> SOURCE DATA:
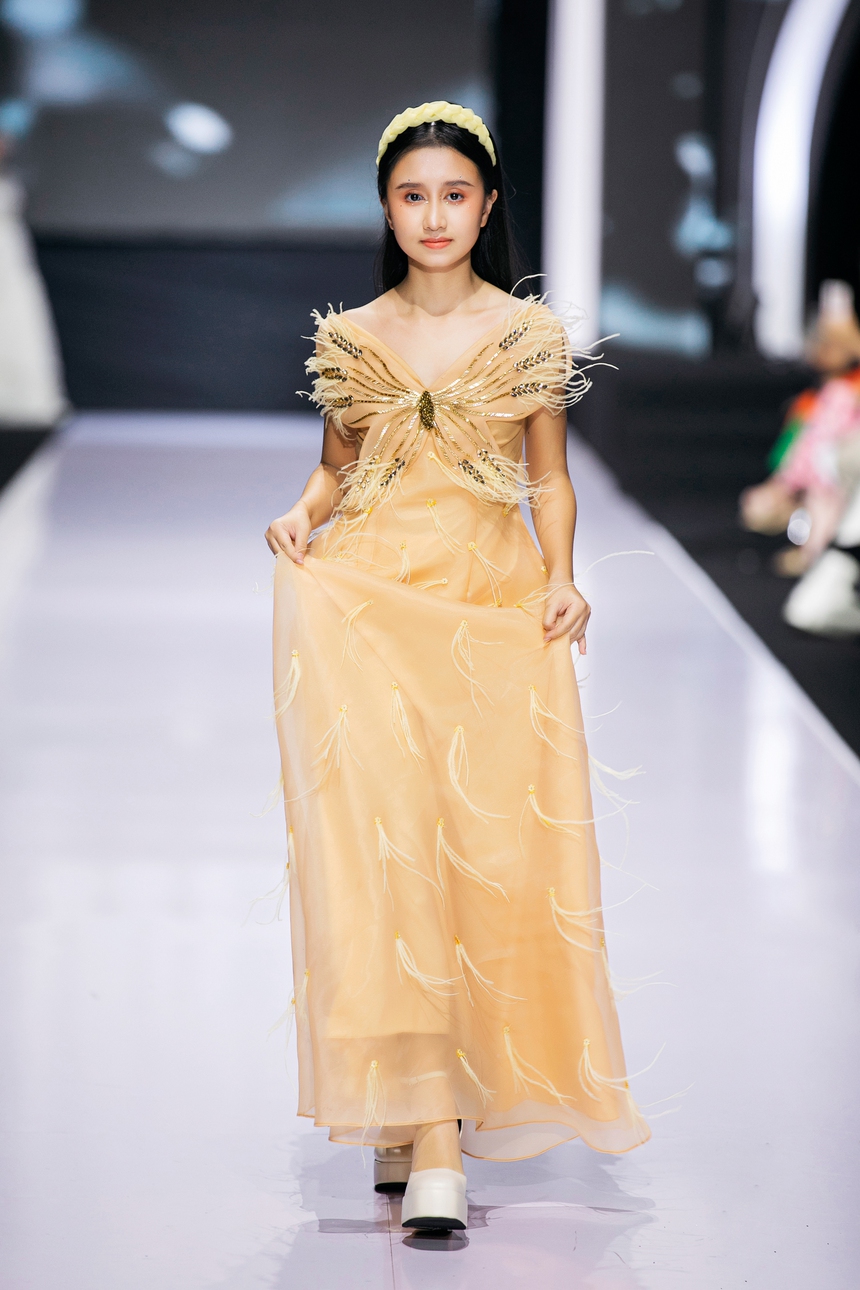 Dàn mỹ nhân VTV trình diễn BST “Lúa" của NTK Thảo Nguyễn - Ảnh 3. Dàn mỹ nhân VTV trình diễn BST “Lúa" của NTK Thảo Nguyễn - Ảnh 3.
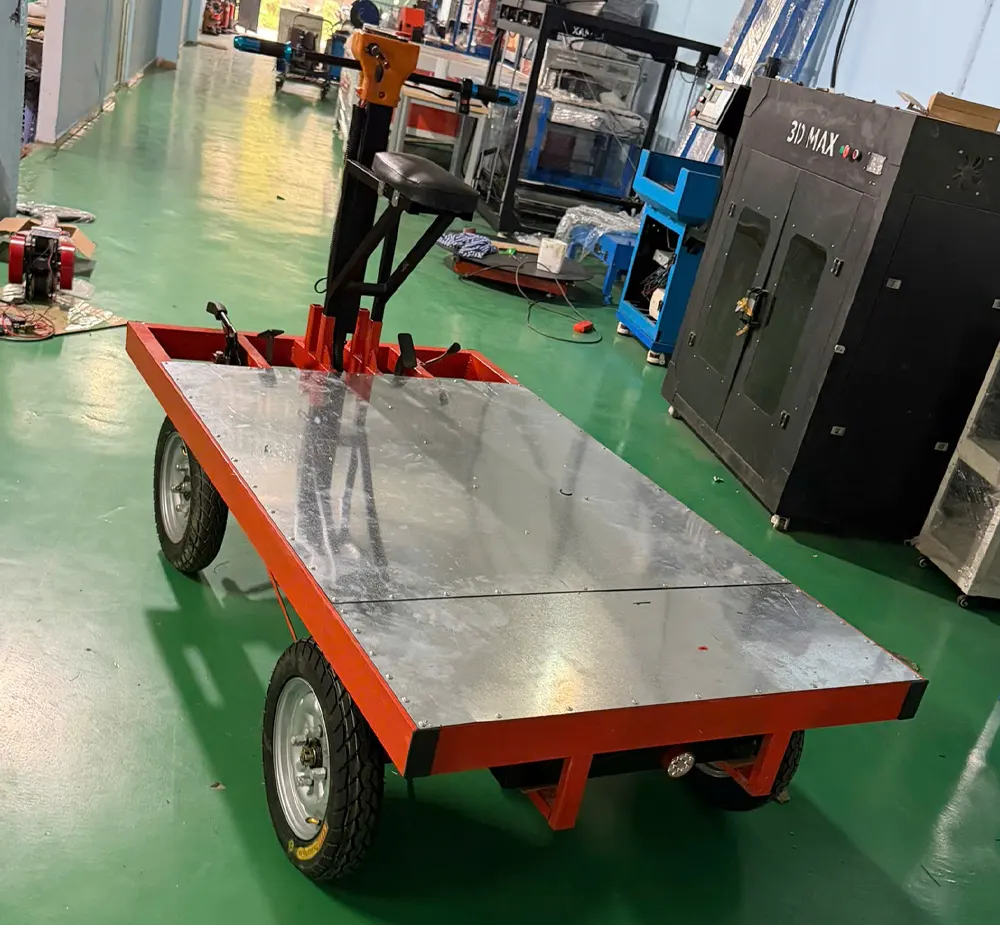 xe điện đẩy hàng trong nhà xưởng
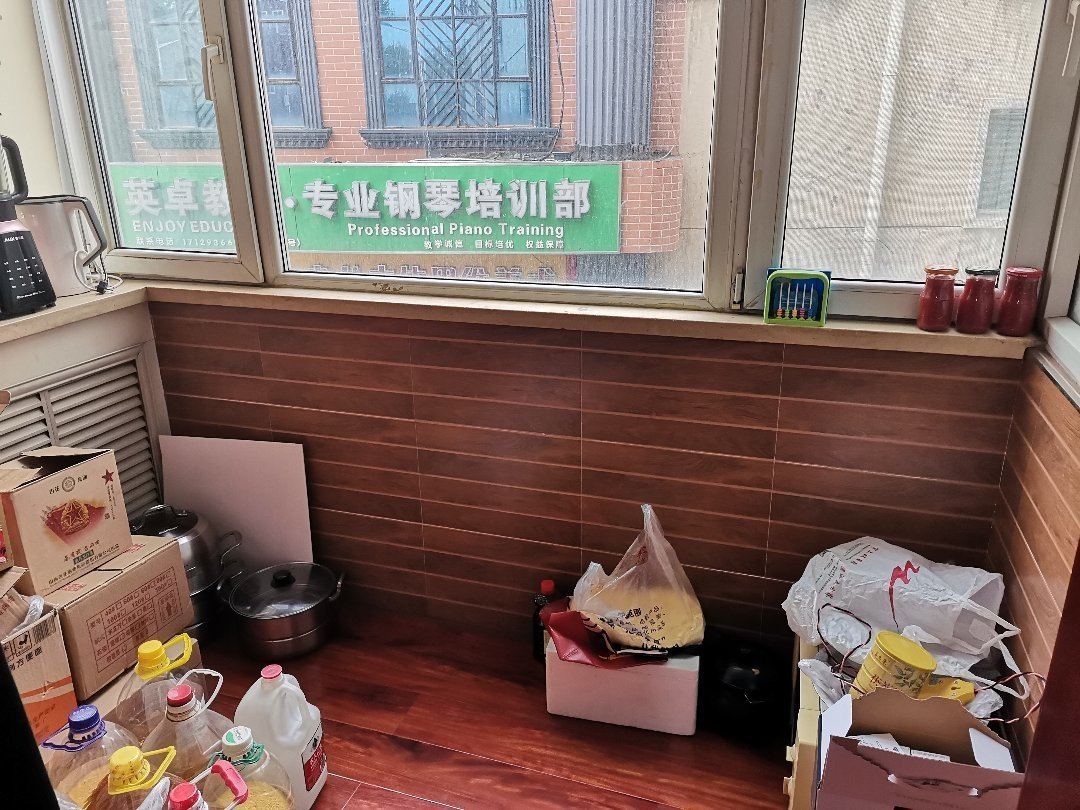 新华书店家属院,八一广场附近  精装三居 桥北实验4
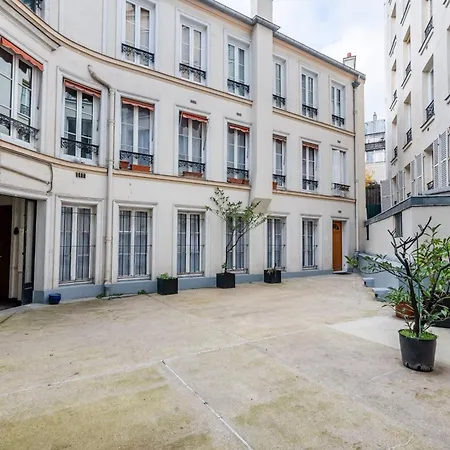 Apartment Loft Magenta Blue Paris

> TASK DETAILS: What is needed here is an exact transcript of the data above, pictures excluded.

> RESULT OF THE EXERCISE:
 Dàn mỹ nhân VTV trình diễn BST “Lúa" của NTK Thảo Nguyễn - Ảnh 3. Dàn mỹ nhân VTV trình diễn BST “Lúa" của NTK Thảo Nguyễn - Ảnh 3.
 xe điện đẩy hàng trong nhà xưởng
 新华书店家属院,八一广场附近  精装三居 桥北实验4
 Apartment Loft Magenta Blue Paris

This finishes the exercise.